AIAA Congratulates John M. Grunsfeld On Being Selected as the Winner of the 2017 National Space Trophy
February 6, 2017 – Reston, Va. – The American Institute of Aeronautics and Astronautics (AIAA) congratulates AIAA Senior Member John M. Grunsfeld, retired astronaut, and former associate administrator of the Science Mission Directorate at NASA Headquarters, Washington, D.C., on his selection as the winner of the 2017 National Space Trophy from the Rotary National Award for Space Achievement (RNASA) Foundation. Grunsfeld will receive the award on April 28 at a black-tie dinner at the Houston Hyatt Regency, in Houston, Texas.
The award honors Grunsfeld’s abilities to “demonstrate the relevance and excitement of spaceflight by bringing together the scientific community, NASA’s international partners, Congress, and the administration, with NASA’s Science, Human Spaceflight, Technology and Aeronautics programs.” It also honors his “unique experience as an astronaut, a teacher, scientist and senior leader at NASA” that “has enabled him to make unique contributions to all of NASA’s activities.”
“John Grunsfeld has done much throughout his career to expand human knowledge of the universe we inhabit,” said Sandy Magnus, AIAA executive director. “His work with the Hubble Space Telescope and his contributions to the James Webb Space Telescope have helped us see the universe more clearly than was ever possible before. His passion for education, exploration and innovation is inspiring. AIAA congratulates him on this well-deserved honor.”

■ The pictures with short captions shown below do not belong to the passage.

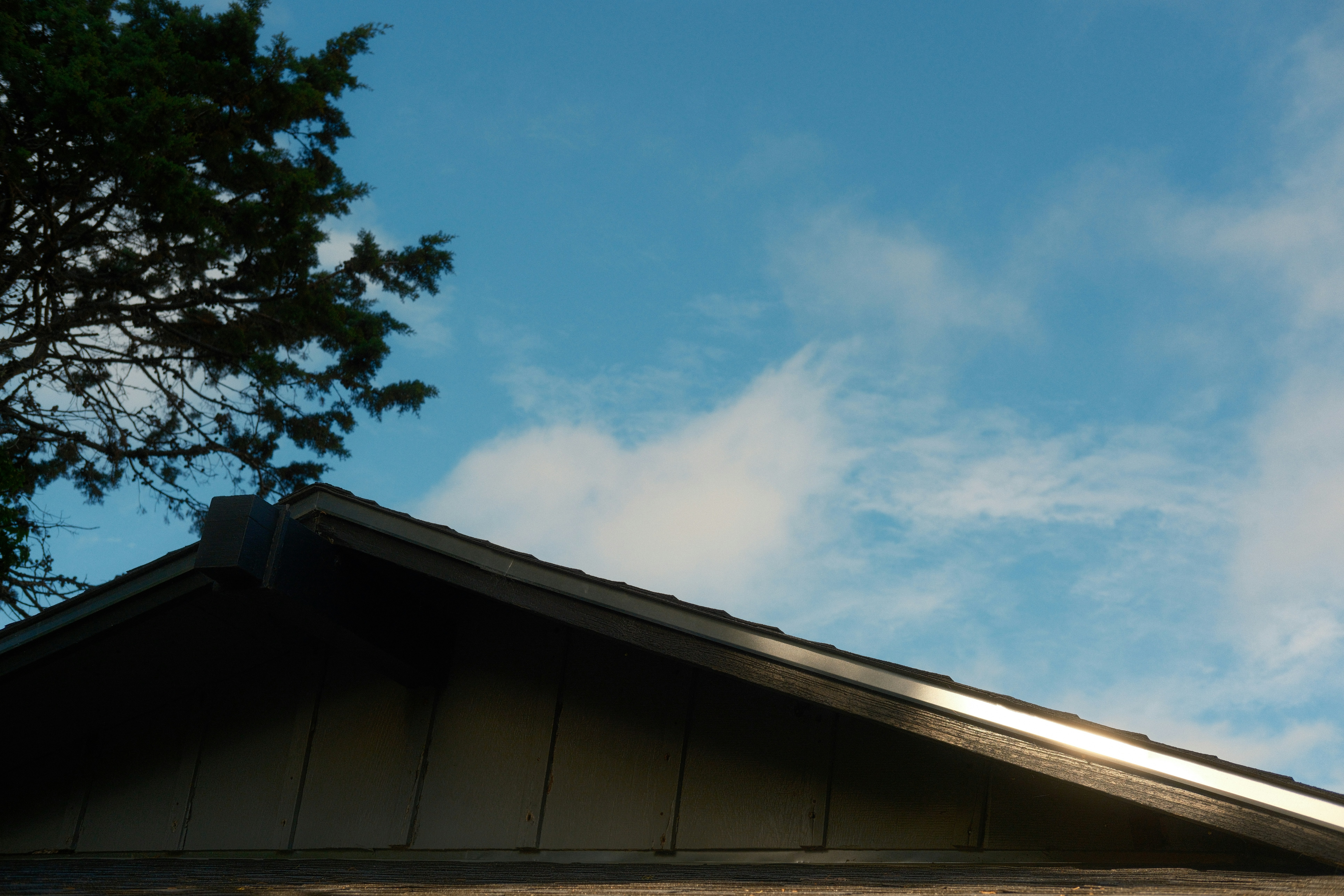 Photo by kalaniparker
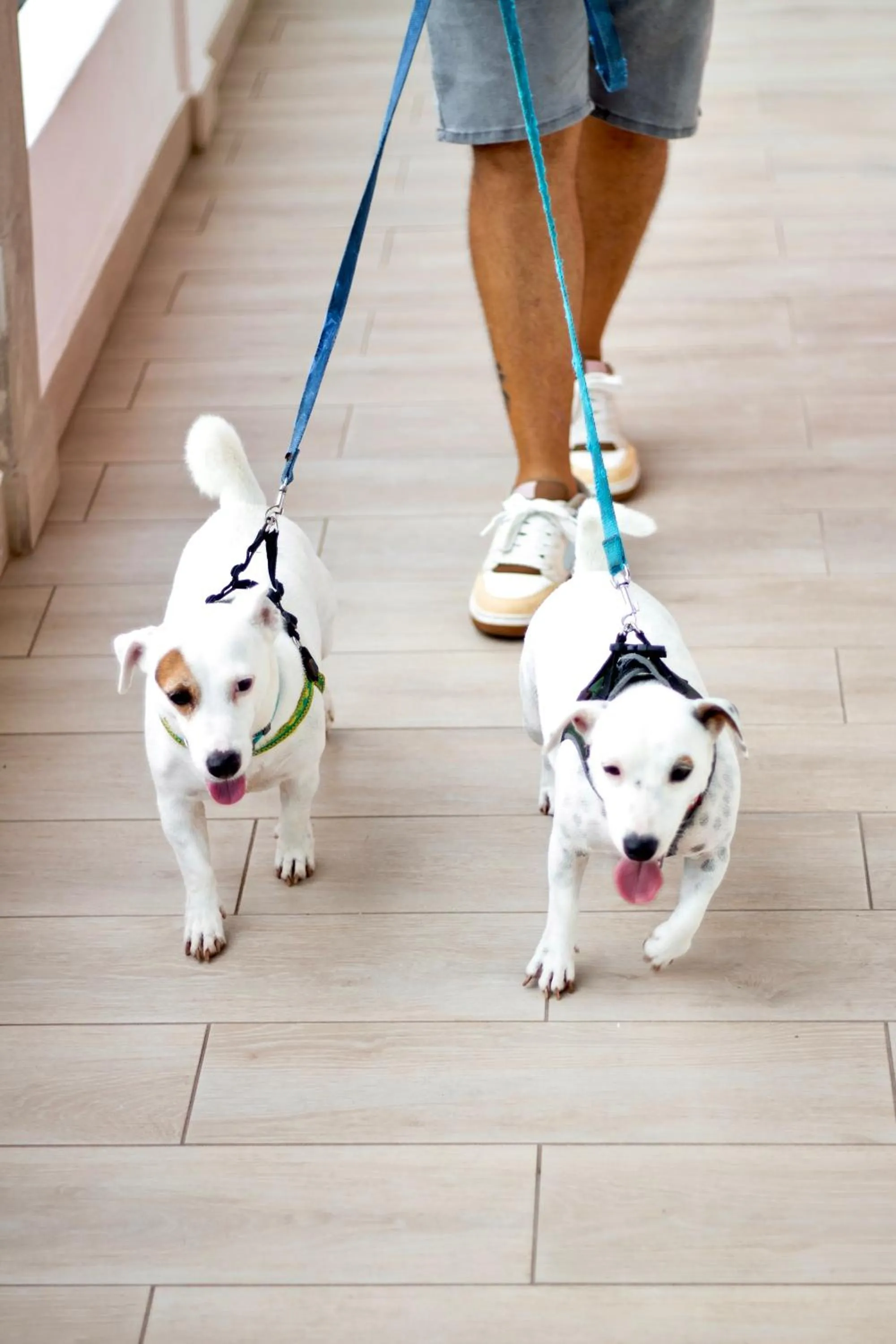 Pets in Albatros by Bedsfriends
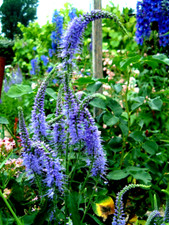 Ehrenpreis, Kerzenveronica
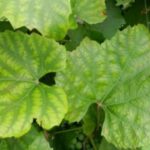  Signs of chlorosis in the grape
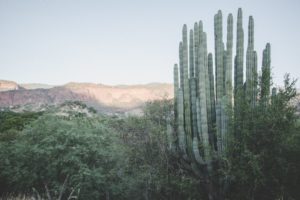 Huge cactus tree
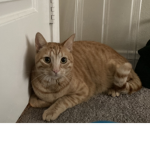MYCATTT:D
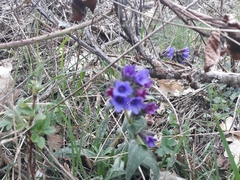 Pulmonaria officinalis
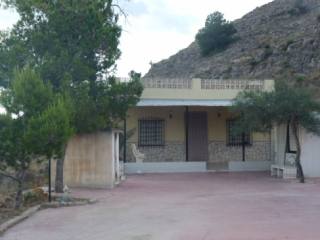 Country House - Finca in Aspe, Alicante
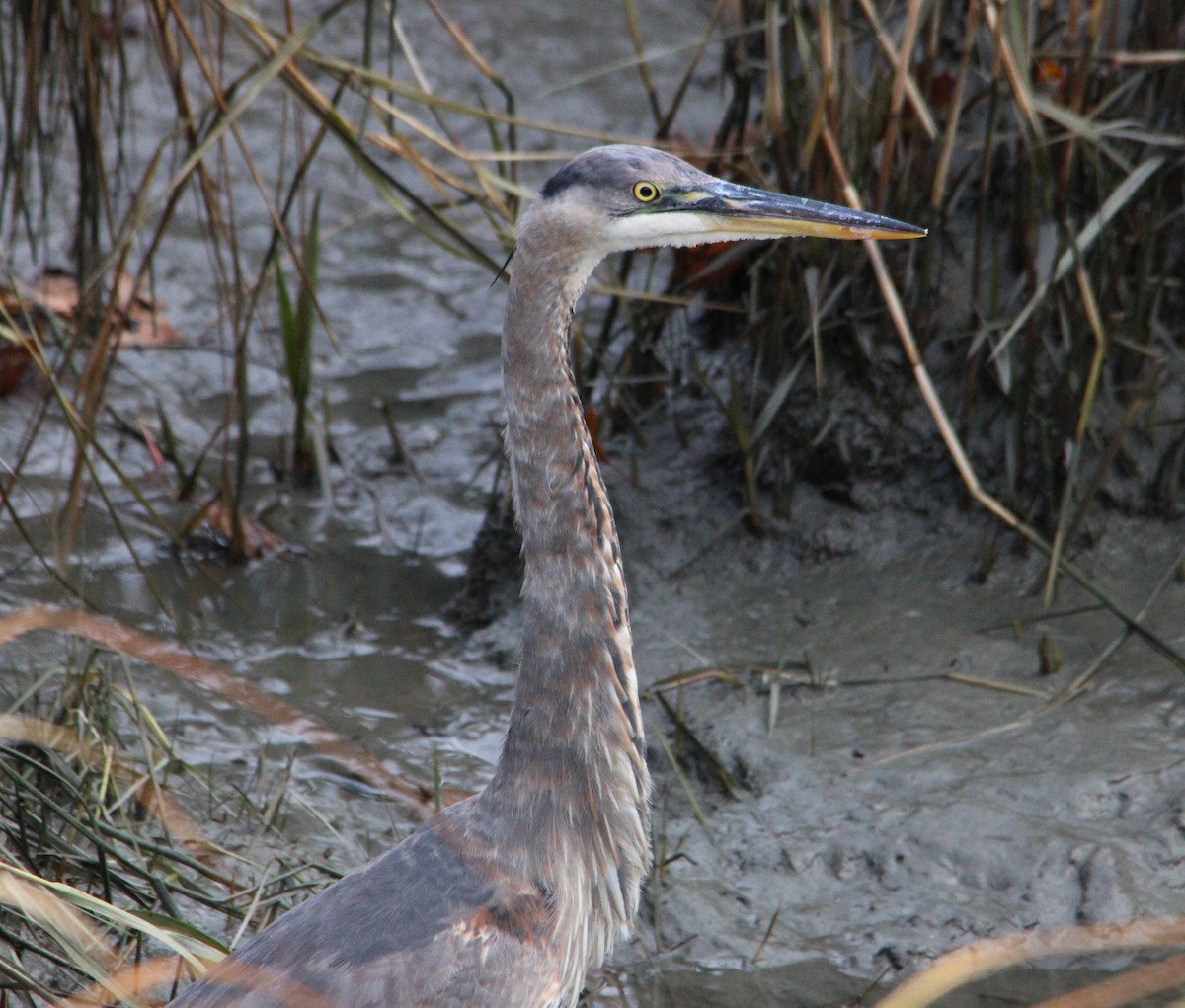 Great Blue Heron - ML645184476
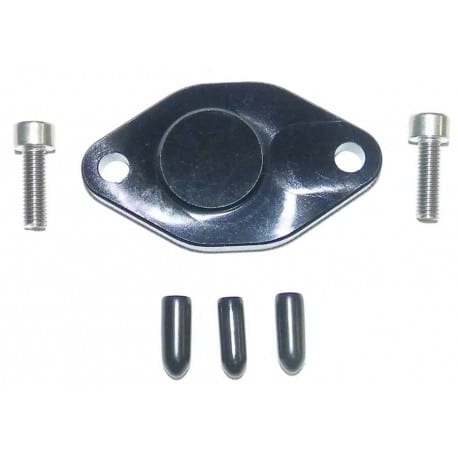 WSM Oil Pump Removal Plate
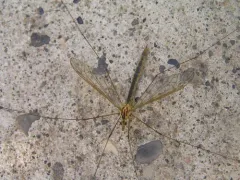 Nephrotoma occipitalis thumbnail 3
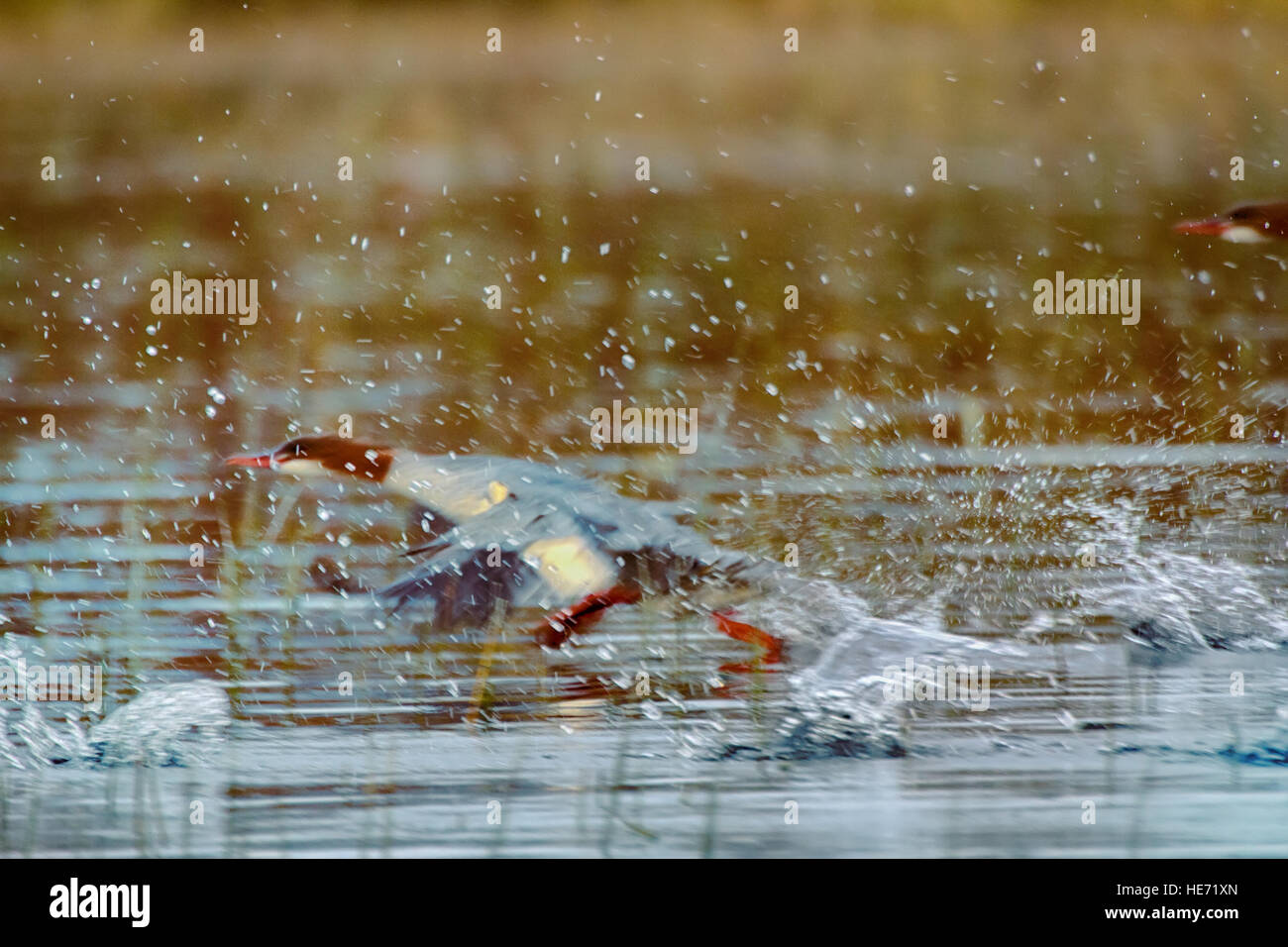 Difficile il decollo diving uccelli. Dynamic shot: smergo maggiore ( Mergus merganser), esecuzione di avviare delle fontane spray Foto Stock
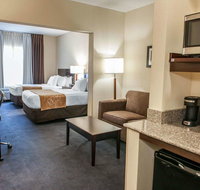 Comfort Suites South - Accommodation Michigan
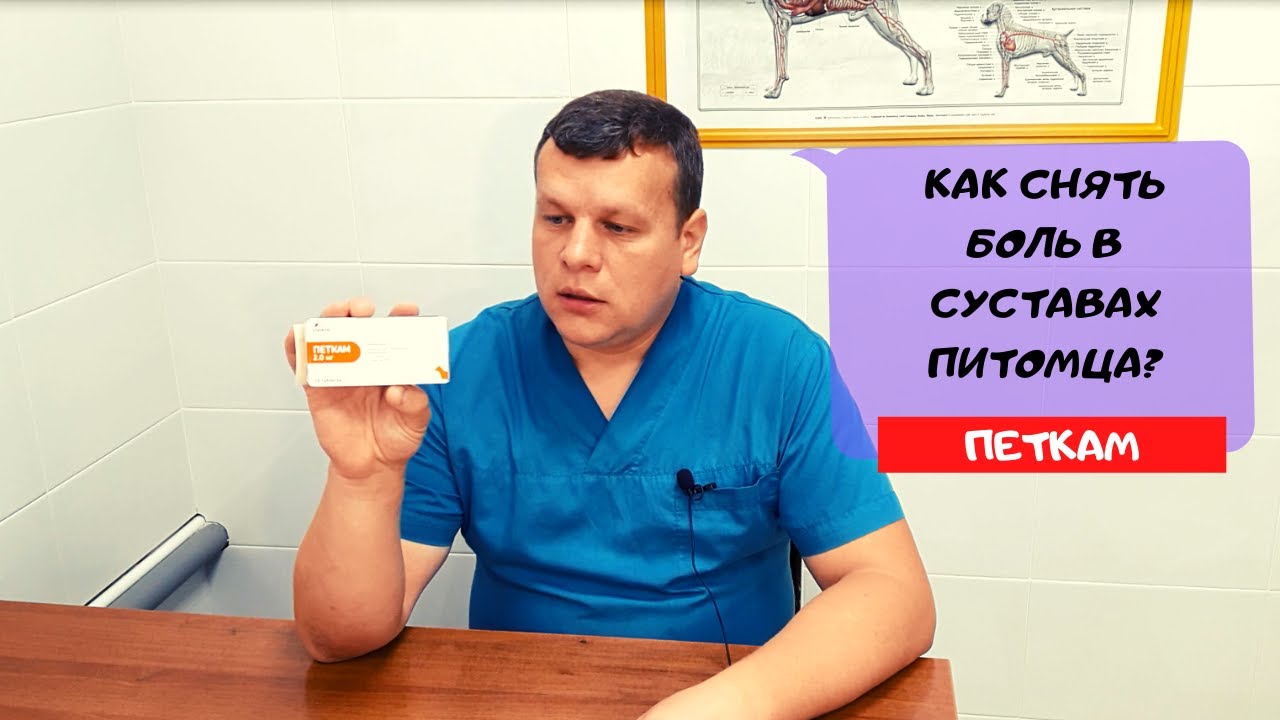 КАК СНЯТЬ БОЛЬ В СУСТАВАХ ПИТОМЦА? ПЕТКАМ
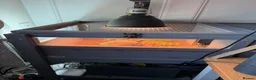 Tortoise reptiles for sale: Tortoise with set up and food - Advert 6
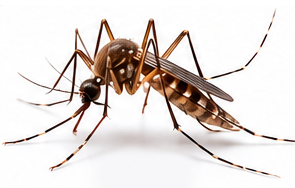 Szúnyog elleni kezelés – InsectPRO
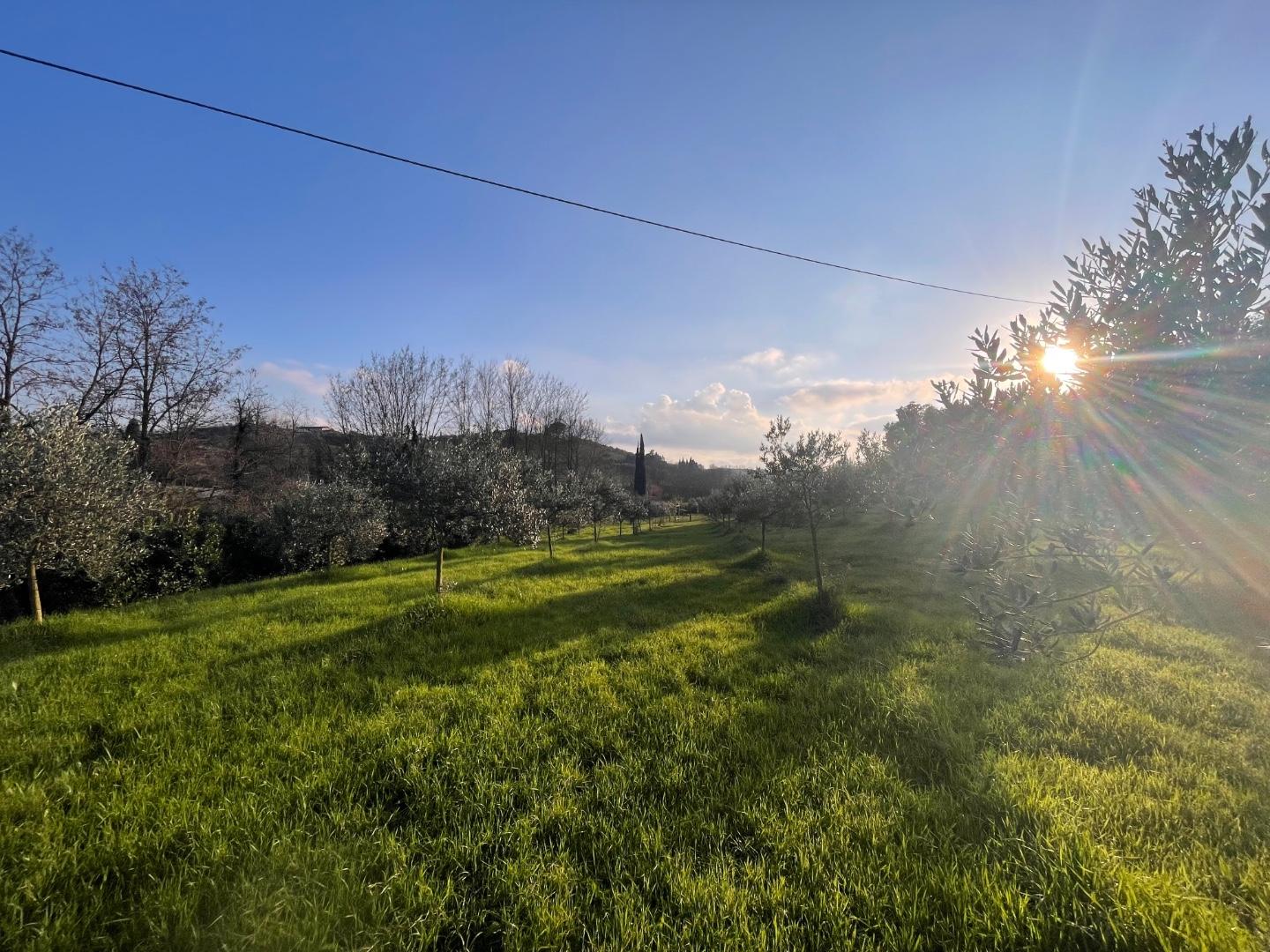 Terreno agricolo in vendita a Casciana Terme Lari (PI)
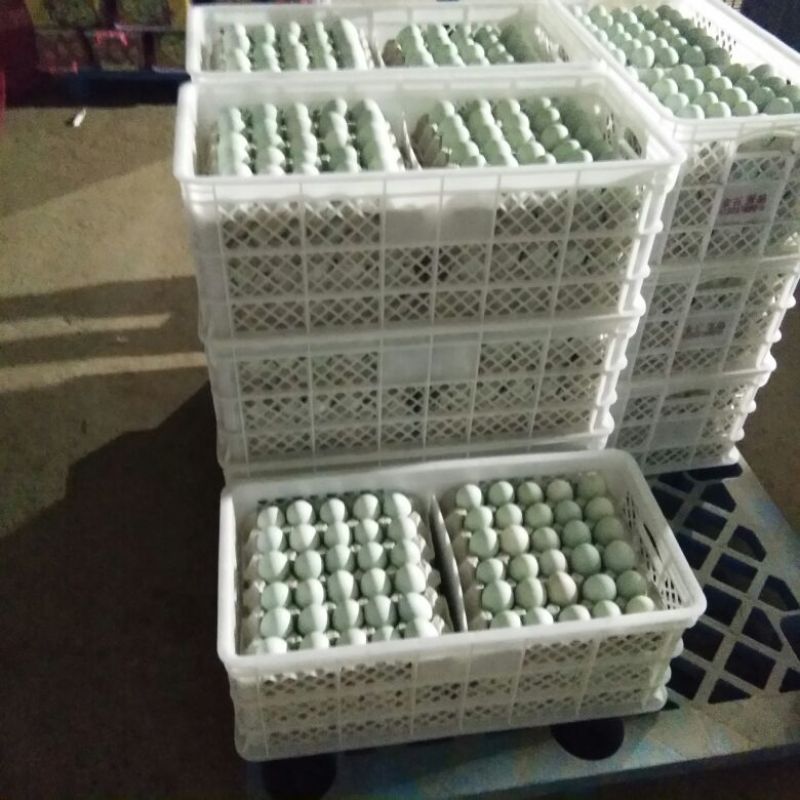 咸鸭蛋散装60~65g
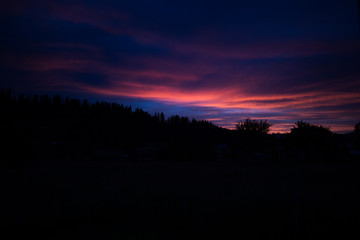 Fototapeta premium Deep red sunset in the forest
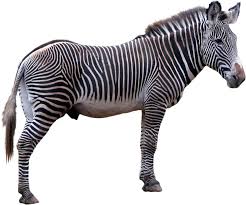 Zebra 2 Zebra Png Images Png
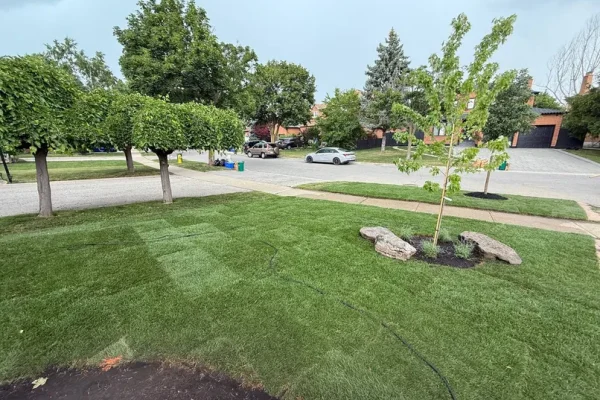 terrabellalandscaping_sodmulchproj2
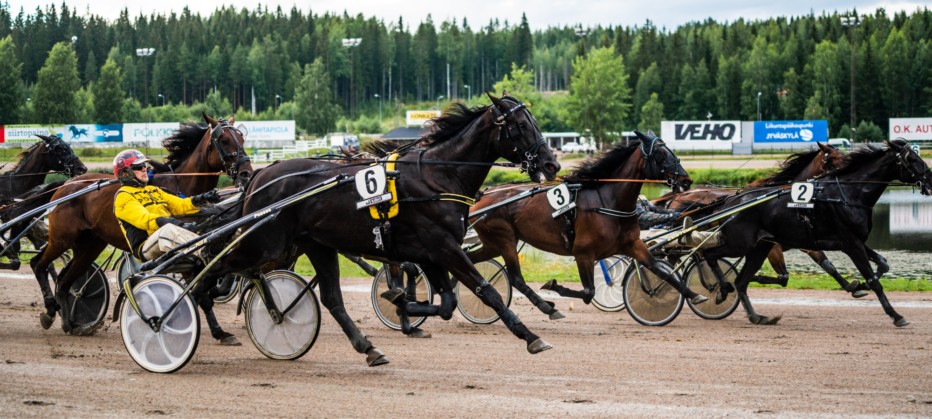 Yrittäjäravit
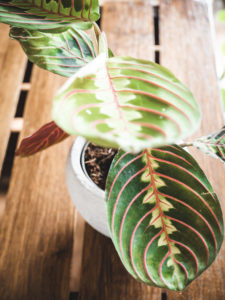 Maranta Leuconeura – Image 2
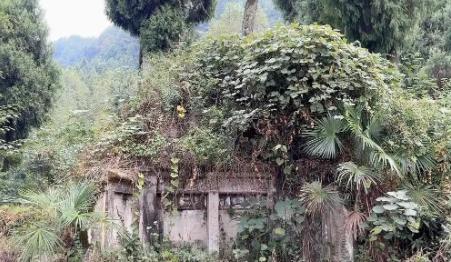 中国土葬几千年，埋了三百亿人，为啥现在看不到古坟？据专家推算，地球上总共出现过大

Selected to be a member of the NASA Astronaut Corps in 1992, Grunsfeld flew on five space shuttle missions during his career: STS-67 in 1995; STS-81 in 1997; STS-103 in 1999; STS-109 in 2002; and STS-125 in 2009. During his return flight to Earth during the STS-81 mission, Grunsfeld became famous for calling up NPR’s “Car Talk” radio show, pretending to complain about the odd behavior of the engine on his “government vehicle.” From 1999 to 2002, Grunsfeld led NASA’s Extravehicular Activity Branch where he oversaw the development of spacewalk training courses for astronauts. As most of Grunsfeld’s missions were to the Hubble Space Telescope, his fellow astronauts dubbed Grunsfeld the “Hubble Repairman.” During his career as an astronaut Grunsfeld made eight spacewalks and spent over 58 days in space. In 2010, Grunsfeld left NASA to become deputy director of the Space Telescope Science Institute in Baltimore, Maryland, where he worked with NASA on the joint development of the James Webb Space Telescope, slated for launch in 2018. Grunsfeld returned to NASA in 2012 as the associate administrator of the Science Mission Directorate, and managed over 100 missions including the Curiosity Mars rover landing, the New Horizons Pluto flyby, and the deployment of the Deep Space Climate Observatory. Grunsfeld retired from NASA on April 30, 2016.
Grunsfeld’s other honors include four NASA Space Flight Medals, three NASA Exceptional Service Medals and one NASA Distinguished Service Medal. He is also an avid mountaineer who has summited Mount Denali, North America’s highest peak.